Segment Start: Input

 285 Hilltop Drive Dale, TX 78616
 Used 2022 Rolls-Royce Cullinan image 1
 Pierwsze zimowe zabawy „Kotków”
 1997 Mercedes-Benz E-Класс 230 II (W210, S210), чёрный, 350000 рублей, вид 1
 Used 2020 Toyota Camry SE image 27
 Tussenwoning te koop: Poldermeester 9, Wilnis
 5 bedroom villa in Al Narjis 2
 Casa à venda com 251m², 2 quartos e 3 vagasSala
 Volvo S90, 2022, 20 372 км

Segment End: Input

▸ **Exercise goal**
Could you report how many lines in the data above include the word "image"? Give the number and nothing more.

▸ **Exercise solution**
2